KXLO
- Lewistown, Montana; United States;
- Frequency: 1230 kHz
- Branding: KXLO 106.9 FM 1230 AM

Programming
- Format: Country music

Ownership
- Owner: KXLO Broadcast, Inc.
- Sister stations: KQPZ

History
- First air date: June 24, 1947

Technical information
- Licensing authority: FCC
- Facility ID: 35963
- Class: C
- Power: 1,000 watts
- Transmitter coordinates: 47°04′13″N 109°24′26″W﻿ / ﻿47.07028°N 109.40722°W
- Translator: 106.9 K295BQ (Lewistown)

Links
- Public license information: Public file; LMS;
- Webcast: Listen Live
- Website: www.kxloradio.com

= KXLO =

KXLO (1230 AM) is a radio station broadcasting a country music format in Lewistown, Montana, United States. The station is currently owned by KXLO Broadcast, Inc. Radio host Rick Rydell started his radio career at KXLO.

==History==
The Capital Broadcasting Company applied for a construction permit and were granted authority on April 3, 1946, to build a new 250-watt radio station on a frequency of 1230 kHz. KXLO was the creation of brothers George and Russell Bennitt, owners of the Lewistown Democrat-News and Argus-Farmer newspapers. The Bennitts sold their newspaper interests to Ken Byerly in 1947 but retained the radio construction permit.

KXLO started broadcasting on June 24, 1947. Its staff consisted entirely of World War II veterans. The power was increased from 250 to 1,000 watts during the day in March 1962.
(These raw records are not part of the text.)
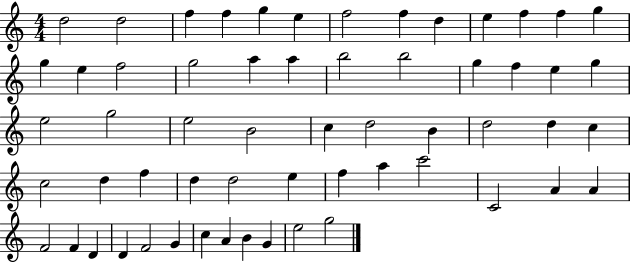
D5/h D5/h F5/q F5/q G5/q E5/q F5/h F5/q D5/q E5/q F5/q F5/q G5/q G5/q E5/q F5/h G5/h A5/q A5/q B5/h B5/h G5/q F5/q E5/q G5/q E5/h G5/h E5/h B4/h C5/q D5/h B4/q D5/h D5/q C5/q C5/h D5/q F5/q D5/q D5/h E5/q F5/q A5/q C6/h C4/h A4/q A4/q F4/h F4/q D4/q D4/q F4/h G4/q C5/q A4/q B4/q G4/q E5/h G5/h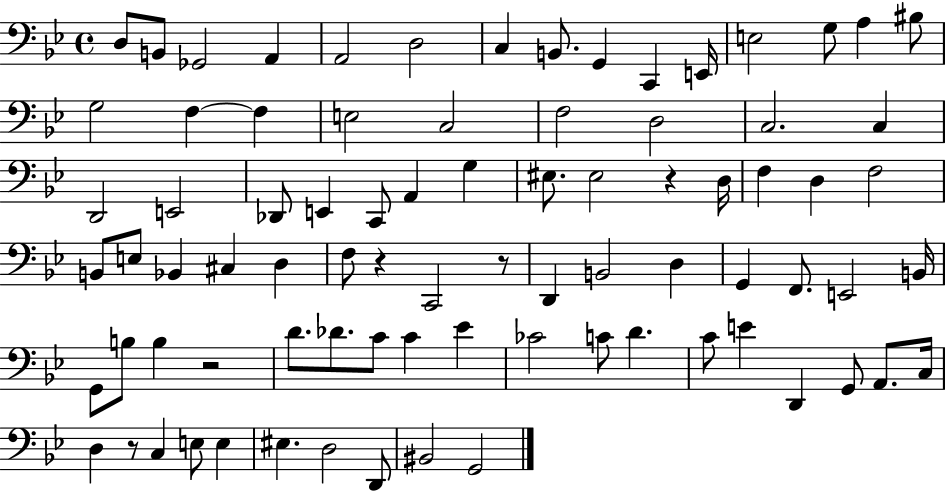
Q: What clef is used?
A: bass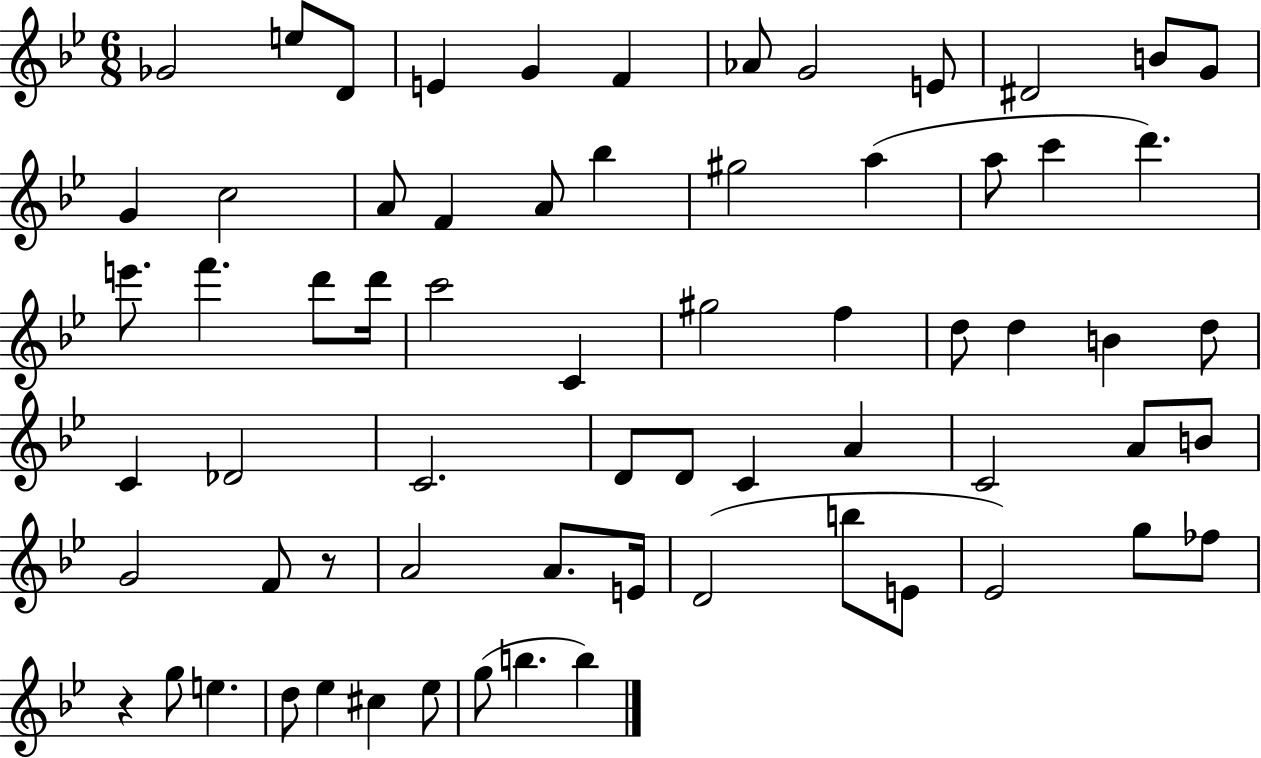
X:1
T:Untitled
M:6/8
L:1/4
K:Bb
_G2 e/2 D/2 E G F _A/2 G2 E/2 ^D2 B/2 G/2 G c2 A/2 F A/2 _b ^g2 a a/2 c' d' e'/2 f' d'/2 d'/4 c'2 C ^g2 f d/2 d B d/2 C _D2 C2 D/2 D/2 C A C2 A/2 B/2 G2 F/2 z/2 A2 A/2 E/4 D2 b/2 E/2 _E2 g/2 _f/2 z g/2 e d/2 _e ^c _e/2 g/2 b b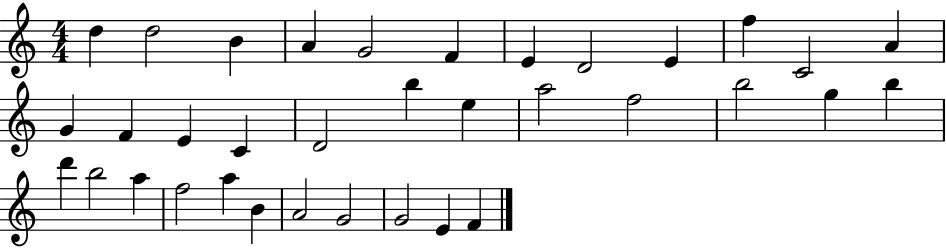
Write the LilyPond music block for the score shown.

{
  \clef treble
  \numericTimeSignature
  \time 4/4
  \key c \major
  d''4 d''2 b'4 | a'4 g'2 f'4 | e'4 d'2 e'4 | f''4 c'2 a'4 | \break g'4 f'4 e'4 c'4 | d'2 b''4 e''4 | a''2 f''2 | b''2 g''4 b''4 | \break d'''4 b''2 a''4 | f''2 a''4 b'4 | a'2 g'2 | g'2 e'4 f'4 | \break \bar "|."
}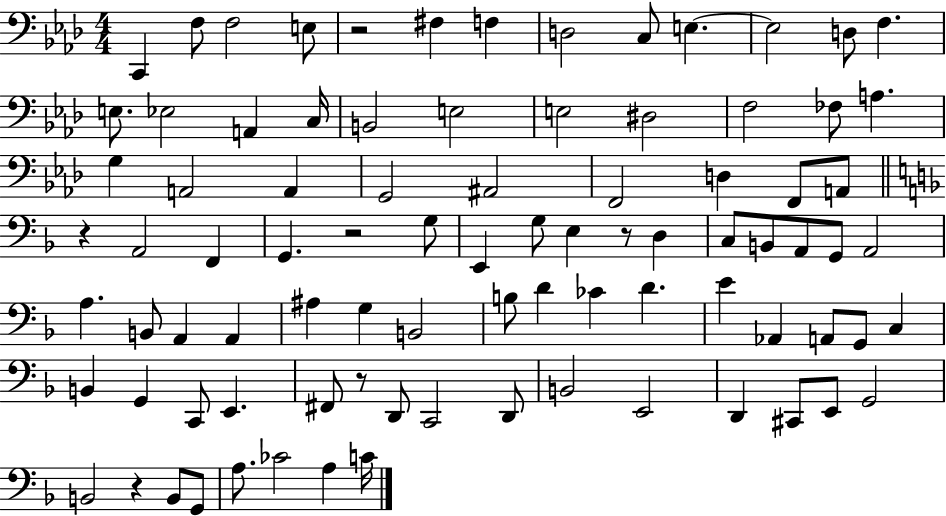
{
  \clef bass
  \numericTimeSignature
  \time 4/4
  \key aes \major
  c,4 f8 f2 e8 | r2 fis4 f4 | d2 c8 e4.~~ | e2 d8 f4. | \break e8. ees2 a,4 c16 | b,2 e2 | e2 dis2 | f2 fes8 a4. | \break g4 a,2 a,4 | g,2 ais,2 | f,2 d4 f,8 a,8 | \bar "||" \break \key f \major r4 a,2 f,4 | g,4. r2 g8 | e,4 g8 e4 r8 d4 | c8 b,8 a,8 g,8 a,2 | \break a4. b,8 a,4 a,4 | ais4 g4 b,2 | b8 d'4 ces'4 d'4. | e'4 aes,4 a,8 g,8 c4 | \break b,4 g,4 c,8 e,4. | fis,8 r8 d,8 c,2 d,8 | b,2 e,2 | d,4 cis,8 e,8 g,2 | \break b,2 r4 b,8 g,8 | a8. ces'2 a4 c'16 | \bar "|."
}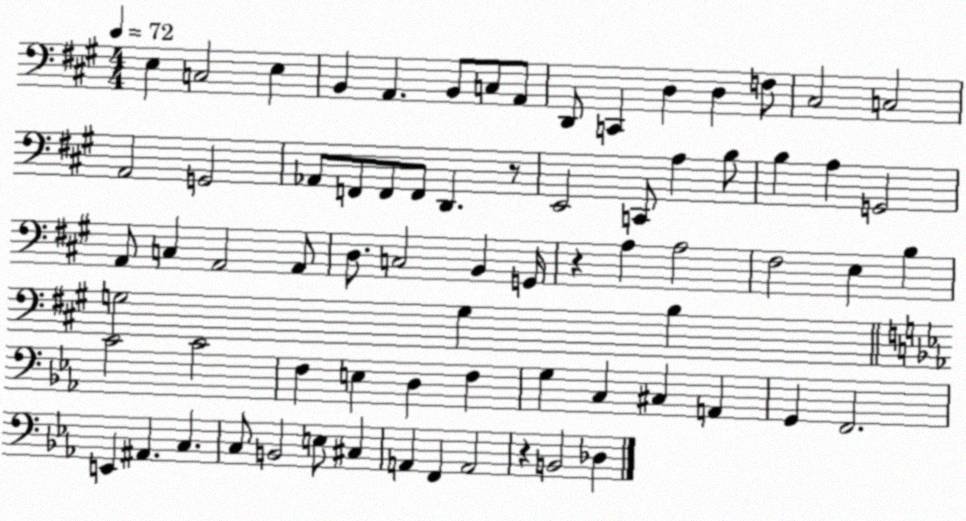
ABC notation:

X:1
T:Untitled
M:4/4
L:1/4
K:A
E, C,2 E, B,, A,, B,,/2 C,/2 A,,/2 D,,/2 C,, D, D, F,/2 ^C,2 C,2 A,,2 G,,2 _A,,/2 F,,/2 F,,/2 F,,/2 D,, z/2 E,,2 C,,/2 A, B,/2 B, A, G,,2 A,,/2 C, A,,2 A,,/2 D,/2 C,2 B,, G,,/4 z A, A,2 ^F,2 E, B, G,2 G, B, C2 C2 F, E, D, F, G, C, ^C, A,, G,, F,,2 E,, ^A,, C, C,/2 B,,2 E,/2 ^C, A,, F,, A,,2 z B,,2 _D,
The ownership of the station has changed several times over the years. In 1949, the Bennitts sold the station to William G. Kelly and Victor J. Morgan doing business as the Montana Broadcasting Company; Kelly became the sole owner in 1950. Three years later, Marlin G. Obie of North Dakota joined Kelly, eventually incorporating as Central Montana Broadcasting Company. KXLO was sold in 1958 to Asger Mikkelsen. Obie, along with Leroy Tappe and David L. Sather, purchased the station in 1959, changing its corporate name to KXLO Broadcast, Inc. Obie and Tappe sold their interests in 1960 to Sather, William Yaeger and Lewis G. Boucher.

Fred Lark of Boone, Iowa, purchased controlling interest in KXLO in a deal agreed in 1972 and approved in 1973. Two years later, KXLO expanded to FM broadcasting with the establishment of KLCM, which had studios in the basement of the KXLO building. Lark, also a pilot, was known to fly to the scene of news stories and kept the stations intensely local, with an eclectic music playlist and local news and sports coverage. In October 2005, KXLO began to broadcast 24 hours a day.

In 2011, an FM translator was added atop the Moccasin Mountains, giving KXLO an FM signal on 106.9 MHz.